I am trying to scrape the web page with C# and I am using HtmlAgilityPack it works good for me, but I got an issue with this website when I need to scrape data from another page of product list. Because link doesn't have page number so I cannot access it by changing link. I found out that page is changed by javascript "__doPostBack" function which doesn't changes the link, just reloads the page, and loads the data.
This is my code for scraping code and price of the product in this web site, however there are more products in other page e.g 2, 3, 4, 5... I need to scrape data from all of these. On other websites I can do just simply passing link to web.Load("Link"); and it works well because link is changing when you change page of product list.
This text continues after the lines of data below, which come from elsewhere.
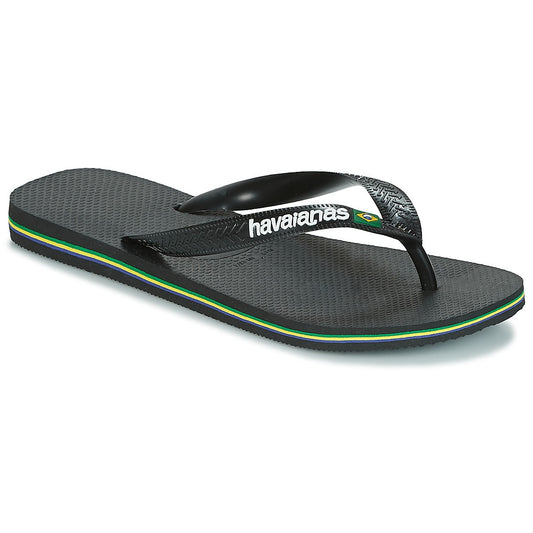 Infradito Uomo Havaianas BRAZIL LOGO Nero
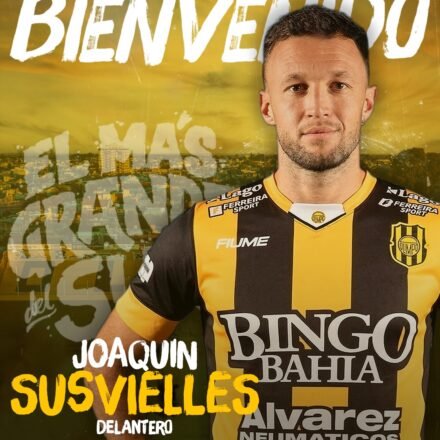 Olimpo confirmó el regreso de Joaquín Susvielles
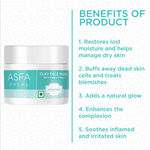 Buy Asfa Halal Hydrating Face Clay Mask With Rose Extract (50 gm) - Purplle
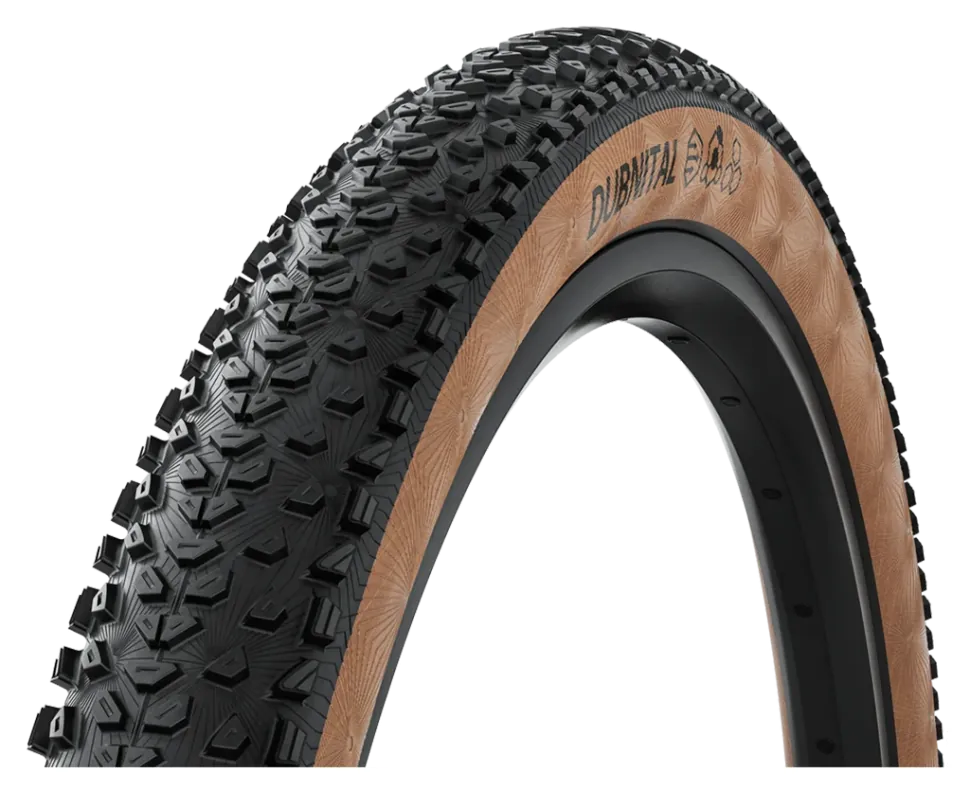 Покришка безкамерна Continental Dubnital Trail Grip 29" | 29 X 2.40 чорна складна skin (SPT_150784)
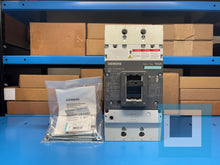 Load image into Gallery viewer, Siemens HJX3B350 3-Pole 350A 600V Molded Case Circuit Breaker – New in Box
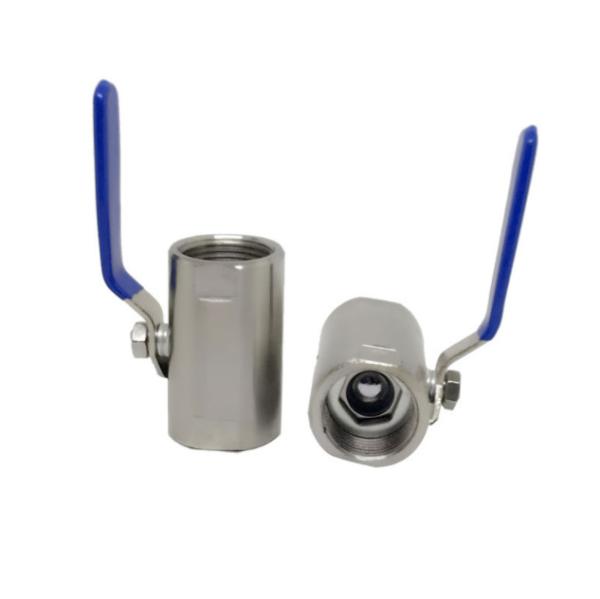 Stainless Steel 201 Ball Valves All-Steel Round Bar Stock for Industrial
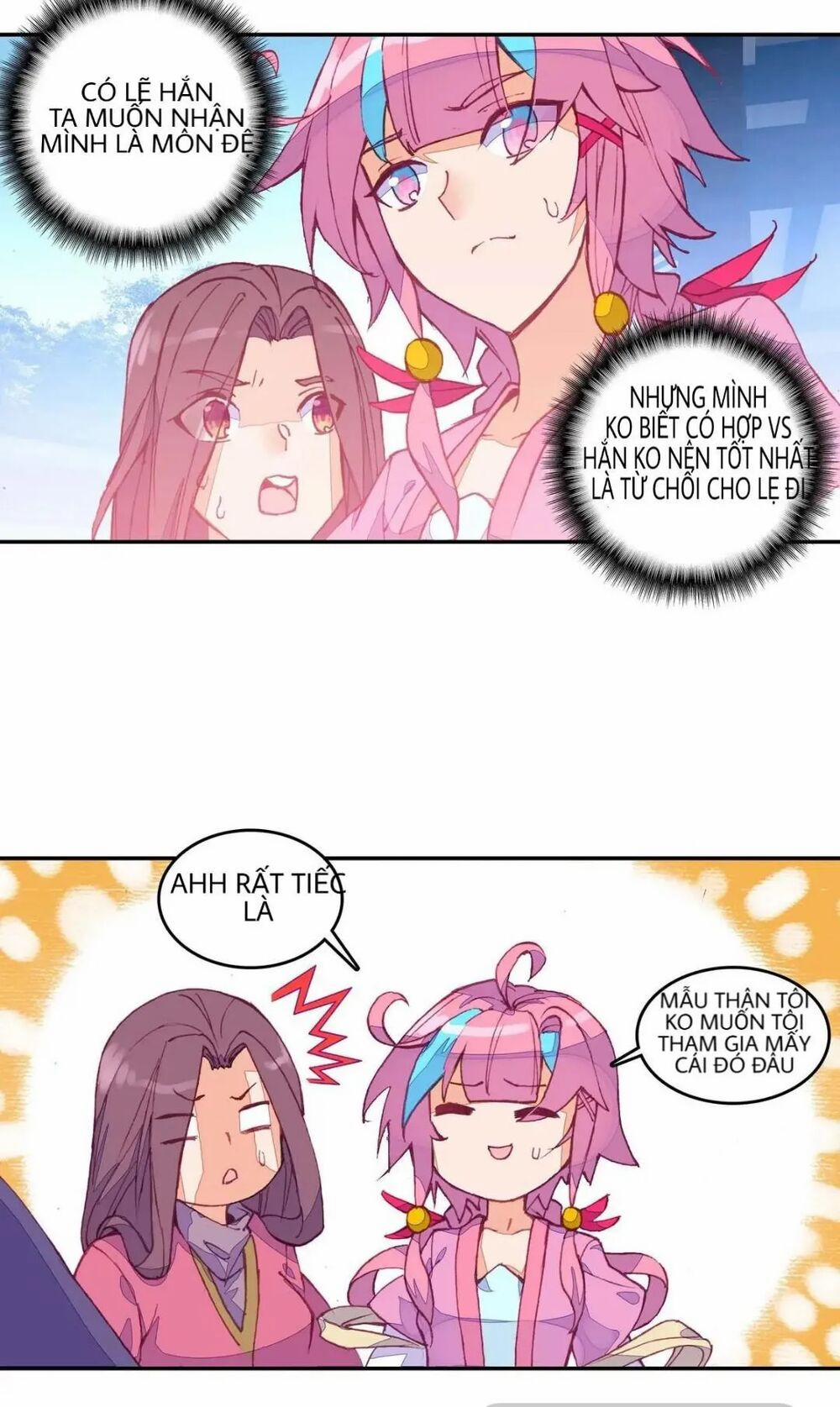 Lão Đại Xuyên Không Thành Tiên Nữ 10 trang 22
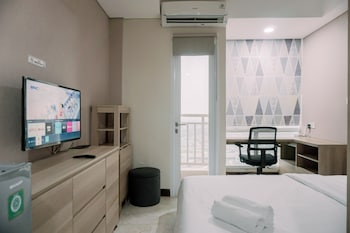 nice and modern studio apartment b residence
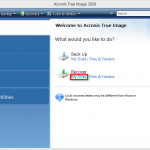 Ghost Windows UEFI Với Acronis True Image Nhanh Nhất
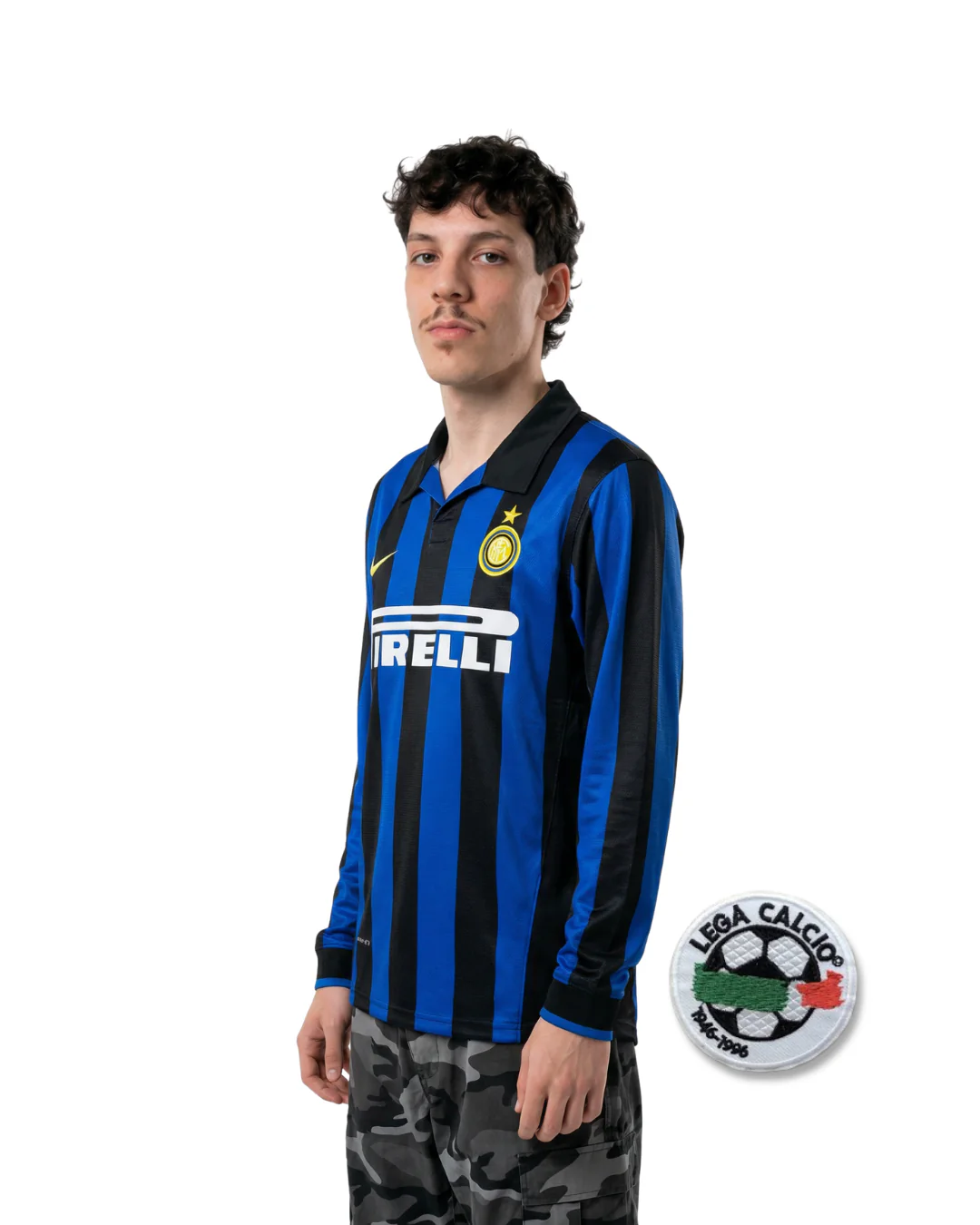 Maglia Retro Home Manica Lunga 97/98 - Image 10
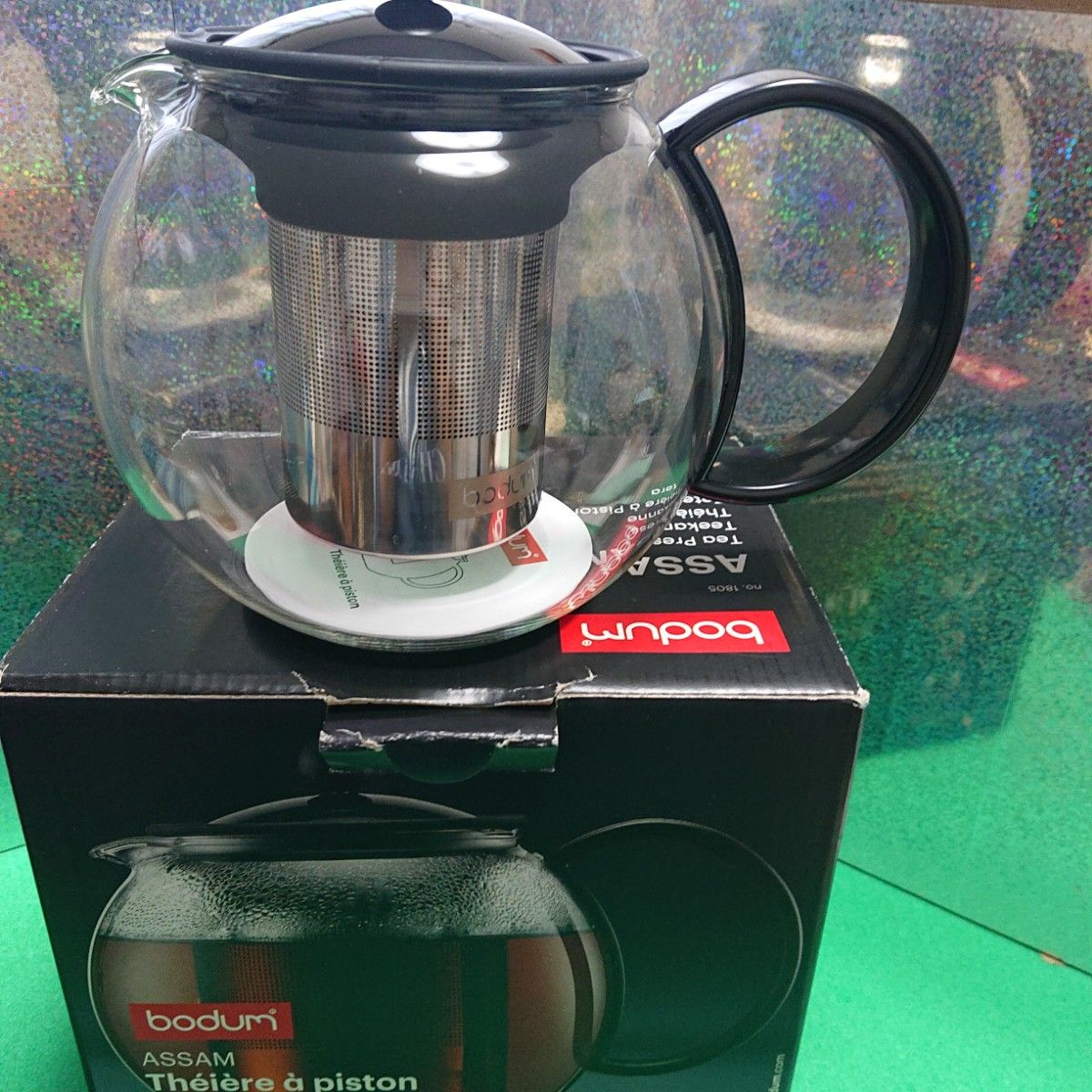 BODUM ボダム ASSAM アッサム ティープレス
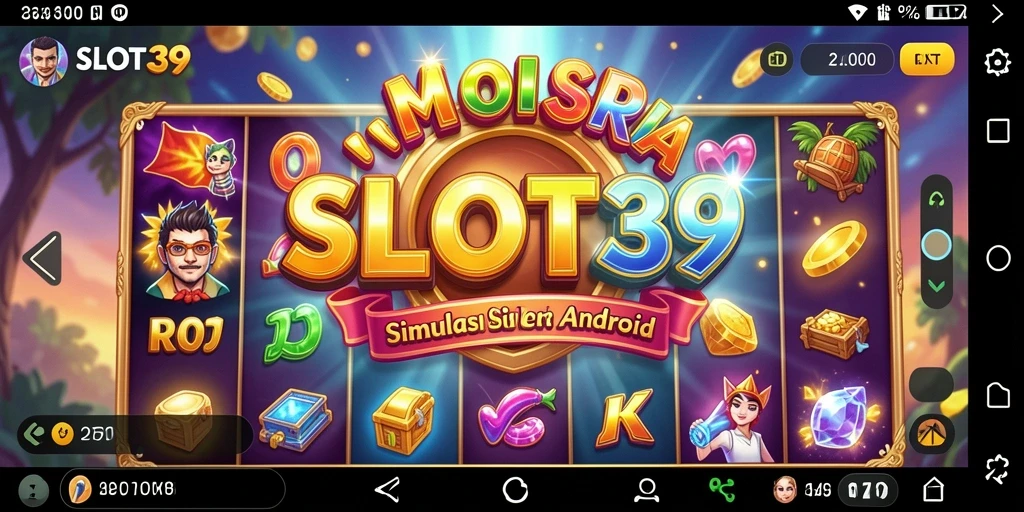 Tampilan gameplay SLOT39 yang menarik dan menghibur.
In this example link is not changing when other page of the list is selected.
public class CodeAndPrice
{
public string Code { get; set; }
public string Price { get; set; }
}
public partial class Form1 : Form
{
DataTable table;
HtmlWeb web = new HtmlWeb();
public Form1()
{
InitializeComponent();
InitTable();
}
private void InitTable()
{
table = new DataTable("DataTableTest");
table.Columns.Add("Code", typeof(string));
table.Columns.Add("Price", typeof(string));
dataGridView.DataSource = table;
}
private async Task<List<CodeAndPrice>> DataScraping (){
var page = await Task.Factory.StartNew(() => web.Load("https://www.kilobaitas.lt/Kompiuteriai/Plansetiniai_(Tablet)/CatalogStore.aspx?CatID=PL_626"));
var codesNodes = page.DocumentNode.SelectNodes("//td[@class='mainContent']//div[@class='itemNormal']//div[@class='itemCode']");
var pricesNodes = page.DocumentNode.SelectNodes("//td[@class='mainContent']//div[@class='itemNormal']//div[@class='itemCode']//parent::div//div[@class='itemBoxPrice']");
if (codesNodes == null || pricesNodes == null)
return new List<CodeAndPrice>();
var codes = codesNodes.Select(node => node.InnerText.Replace("kodas", "").Replace(" ", "").Replace(": ", ""));
var prices = pricesNodes.Select(node => node.InnerText.Replace(" ", "").Replace(" €", ""));
return codes.Zip(prices, (code,price)=> new CodeAndPrice() { Code = code, Price = price }).ToList();
}
private async void Form1_Load(object sender, EventArgs e)
{
var results = await DataScraping();
foreach (var rez in results) {
table.Rows.Add(rez.Code, rez.Price);
}
}
}
Passing __doPostBack('designer1$ctl11$ctl00$MainCatalogSquare1$XDataPaging1','paging.1'); into the browser's console, page 2 is loaded, by changing "paging.*", browser loads page *+1
What is the simplest way to manipulate javascript, that I will be able to change page while scraping data and scrape data from other pages of this website?